- **WHAT IS NEEDED**: Consider the listing below. Extract exactly the lines from the line containing "7518 Gracia Street, Houston TX 77037" to the line containing "Read Higouhou Junai", both included.

──────── DATASET EXTRACT ────────

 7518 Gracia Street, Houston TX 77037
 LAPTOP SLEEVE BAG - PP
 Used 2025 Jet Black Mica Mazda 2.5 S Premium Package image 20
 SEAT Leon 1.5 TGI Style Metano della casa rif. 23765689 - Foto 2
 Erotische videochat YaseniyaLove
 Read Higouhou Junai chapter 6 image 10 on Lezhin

────────
──────── DATASET EXTRACT ────────

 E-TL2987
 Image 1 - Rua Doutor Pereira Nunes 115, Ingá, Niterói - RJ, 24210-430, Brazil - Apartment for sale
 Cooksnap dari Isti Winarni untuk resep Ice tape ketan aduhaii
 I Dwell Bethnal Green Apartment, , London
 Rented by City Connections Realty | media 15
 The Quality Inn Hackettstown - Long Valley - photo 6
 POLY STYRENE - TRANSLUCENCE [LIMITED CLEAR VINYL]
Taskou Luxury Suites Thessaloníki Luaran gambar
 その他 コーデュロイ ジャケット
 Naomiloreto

────────

- **OUTPUT BELOW**:
 7518 Gracia Street, Houston TX 77037
 LAPTOP SLEEVE BAG - PP
 Used 2025 Jet Black Mica Mazda 2.5 S Premium Package image 20
 SEAT Leon 1.5 TGI Style Metano della casa rif. 23765689 - Foto 2
 Erotische videochat YaseniyaLove
 Read Higouhou Junai chapter 6 image 10 on Lezhin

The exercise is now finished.